If anything, the magic appears to have multiplied.
Ten years later, Nixon is still finding inspirational ways to incorporate his hula hooping into other endeavors. In The Rise of Apassionéa, Nixon transformed the hula-hoop into a magical weapon, and wielding a “Ring Sword,” into a lost ancient art that was practiced by the inhabitants of a lost civilization.
Do not let the name Ring Sword fool you. Nixon’s magical weapon has no sharp edges to speak of.

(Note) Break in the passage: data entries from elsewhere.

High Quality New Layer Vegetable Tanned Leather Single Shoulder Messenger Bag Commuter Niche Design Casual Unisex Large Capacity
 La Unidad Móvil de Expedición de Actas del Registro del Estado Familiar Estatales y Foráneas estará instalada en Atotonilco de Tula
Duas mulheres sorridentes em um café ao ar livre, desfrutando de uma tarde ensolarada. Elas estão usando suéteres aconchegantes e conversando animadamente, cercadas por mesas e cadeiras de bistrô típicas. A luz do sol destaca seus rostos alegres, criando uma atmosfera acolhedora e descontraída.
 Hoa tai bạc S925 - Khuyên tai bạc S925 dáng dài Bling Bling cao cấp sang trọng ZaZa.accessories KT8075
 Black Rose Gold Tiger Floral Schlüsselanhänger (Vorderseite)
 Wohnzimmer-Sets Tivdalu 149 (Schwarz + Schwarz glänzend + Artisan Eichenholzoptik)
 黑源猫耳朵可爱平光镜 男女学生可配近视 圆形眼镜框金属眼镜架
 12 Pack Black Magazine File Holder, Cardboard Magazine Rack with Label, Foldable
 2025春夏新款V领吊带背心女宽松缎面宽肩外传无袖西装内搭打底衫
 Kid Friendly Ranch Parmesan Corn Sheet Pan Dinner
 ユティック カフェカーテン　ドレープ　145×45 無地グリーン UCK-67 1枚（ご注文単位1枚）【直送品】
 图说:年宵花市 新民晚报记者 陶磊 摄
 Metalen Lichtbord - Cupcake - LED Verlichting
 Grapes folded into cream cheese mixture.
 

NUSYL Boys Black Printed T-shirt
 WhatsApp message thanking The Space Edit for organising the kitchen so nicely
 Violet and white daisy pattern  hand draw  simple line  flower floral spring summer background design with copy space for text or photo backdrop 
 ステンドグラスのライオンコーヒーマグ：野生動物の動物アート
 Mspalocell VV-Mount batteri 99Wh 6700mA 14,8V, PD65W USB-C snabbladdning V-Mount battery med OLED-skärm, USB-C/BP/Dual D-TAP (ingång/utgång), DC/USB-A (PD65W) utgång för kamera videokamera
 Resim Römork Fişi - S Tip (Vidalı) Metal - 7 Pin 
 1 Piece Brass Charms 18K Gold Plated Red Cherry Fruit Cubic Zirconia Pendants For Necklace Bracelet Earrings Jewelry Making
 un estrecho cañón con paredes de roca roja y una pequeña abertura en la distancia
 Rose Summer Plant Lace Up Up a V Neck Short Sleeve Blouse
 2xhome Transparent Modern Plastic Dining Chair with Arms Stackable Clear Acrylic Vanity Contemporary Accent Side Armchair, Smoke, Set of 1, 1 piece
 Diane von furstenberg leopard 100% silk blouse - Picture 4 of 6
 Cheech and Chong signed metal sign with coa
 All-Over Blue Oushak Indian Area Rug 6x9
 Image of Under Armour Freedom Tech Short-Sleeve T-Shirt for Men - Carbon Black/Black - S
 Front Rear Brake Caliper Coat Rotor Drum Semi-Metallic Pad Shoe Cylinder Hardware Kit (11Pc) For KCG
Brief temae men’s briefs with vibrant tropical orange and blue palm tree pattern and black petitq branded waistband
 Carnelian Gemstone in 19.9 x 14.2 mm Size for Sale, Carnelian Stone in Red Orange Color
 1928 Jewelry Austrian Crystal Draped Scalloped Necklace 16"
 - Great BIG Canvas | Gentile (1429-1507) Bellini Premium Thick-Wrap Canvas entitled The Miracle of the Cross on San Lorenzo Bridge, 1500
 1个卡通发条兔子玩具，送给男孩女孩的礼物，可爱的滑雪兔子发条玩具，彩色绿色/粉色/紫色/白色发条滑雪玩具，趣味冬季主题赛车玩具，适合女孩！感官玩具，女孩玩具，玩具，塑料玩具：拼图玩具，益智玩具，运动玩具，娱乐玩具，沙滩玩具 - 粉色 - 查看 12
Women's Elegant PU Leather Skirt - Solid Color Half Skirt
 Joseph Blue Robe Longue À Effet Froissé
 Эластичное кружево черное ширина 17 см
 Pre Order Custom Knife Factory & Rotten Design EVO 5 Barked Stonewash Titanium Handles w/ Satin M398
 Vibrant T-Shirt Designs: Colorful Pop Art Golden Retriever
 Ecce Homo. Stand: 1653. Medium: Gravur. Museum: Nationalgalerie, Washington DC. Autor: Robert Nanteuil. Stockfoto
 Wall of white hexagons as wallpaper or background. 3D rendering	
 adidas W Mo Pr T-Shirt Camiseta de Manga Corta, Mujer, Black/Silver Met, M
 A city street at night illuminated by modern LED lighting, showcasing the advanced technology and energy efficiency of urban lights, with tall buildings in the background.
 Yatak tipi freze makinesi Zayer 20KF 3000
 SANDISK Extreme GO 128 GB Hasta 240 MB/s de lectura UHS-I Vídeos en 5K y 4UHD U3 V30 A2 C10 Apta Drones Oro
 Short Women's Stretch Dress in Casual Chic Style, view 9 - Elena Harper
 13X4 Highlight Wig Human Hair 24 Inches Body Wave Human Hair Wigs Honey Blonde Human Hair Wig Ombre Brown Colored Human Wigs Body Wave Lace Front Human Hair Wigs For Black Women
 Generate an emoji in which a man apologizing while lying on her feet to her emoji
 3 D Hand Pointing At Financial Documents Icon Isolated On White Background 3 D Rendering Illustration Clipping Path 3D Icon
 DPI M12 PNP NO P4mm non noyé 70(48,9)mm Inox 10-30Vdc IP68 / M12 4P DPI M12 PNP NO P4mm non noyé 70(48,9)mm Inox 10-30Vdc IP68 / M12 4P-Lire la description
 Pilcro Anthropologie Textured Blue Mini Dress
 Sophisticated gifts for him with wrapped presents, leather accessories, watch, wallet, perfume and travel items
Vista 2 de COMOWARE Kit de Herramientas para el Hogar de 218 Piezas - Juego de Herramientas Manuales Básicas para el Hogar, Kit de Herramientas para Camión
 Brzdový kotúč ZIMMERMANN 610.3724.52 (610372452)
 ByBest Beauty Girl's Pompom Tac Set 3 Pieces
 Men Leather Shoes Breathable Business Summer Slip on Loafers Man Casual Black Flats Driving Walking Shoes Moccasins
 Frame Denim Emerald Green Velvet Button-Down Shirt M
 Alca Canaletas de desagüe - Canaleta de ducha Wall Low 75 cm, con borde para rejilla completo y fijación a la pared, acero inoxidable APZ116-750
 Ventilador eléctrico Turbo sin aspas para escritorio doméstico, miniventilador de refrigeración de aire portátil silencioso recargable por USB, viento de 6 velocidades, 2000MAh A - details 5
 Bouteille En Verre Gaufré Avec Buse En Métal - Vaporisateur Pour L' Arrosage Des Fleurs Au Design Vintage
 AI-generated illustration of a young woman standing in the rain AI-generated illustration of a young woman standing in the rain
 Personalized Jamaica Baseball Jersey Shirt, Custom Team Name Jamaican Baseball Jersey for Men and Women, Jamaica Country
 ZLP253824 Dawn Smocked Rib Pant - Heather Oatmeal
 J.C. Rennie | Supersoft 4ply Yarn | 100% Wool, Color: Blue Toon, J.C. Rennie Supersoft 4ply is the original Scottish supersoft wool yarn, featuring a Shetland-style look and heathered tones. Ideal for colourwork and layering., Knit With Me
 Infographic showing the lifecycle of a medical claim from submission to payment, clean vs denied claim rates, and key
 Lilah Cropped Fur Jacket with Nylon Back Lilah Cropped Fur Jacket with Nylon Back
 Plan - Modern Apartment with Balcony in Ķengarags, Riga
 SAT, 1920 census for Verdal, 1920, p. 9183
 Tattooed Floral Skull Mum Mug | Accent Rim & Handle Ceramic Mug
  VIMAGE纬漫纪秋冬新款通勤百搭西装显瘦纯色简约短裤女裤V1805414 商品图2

The story’s protagonist, a blue butterfly riding warrior-turned-emissary who goes by Lor, dismembers and disarms his victims by channeling his physical momentum into the weapon, which then amplifies Lor’s momentum, with deadly results.
Already way cooler than a mere Light Saber, the Ring Sword bestows a warrior with additional gravity-defying strength and agility, provided he or she does not let go of the blade.
Nixon compares the Ring Sword to a super-gyroscope.
According to one blogger, named Justine Vanderbilt, “his novel moves like a gyroscope as well.”
“Apassionéa” is really two stories rolled into one. A flashback from the near present to Guatemala, where the “author” met a man named Don Ixmatá, a co-worker, who told the author, what [Ixmatá] liked to call, “the bedtime stories of a thousand generations of Mayans.”
“[Ixmatá] was obsessed with the end of the world,” Nixon states.
This was back before 2012.
If you want to know what happened with Ixmatá and what his stories brought to bear on the end of the world, Nixon says, “You have to buy the book.”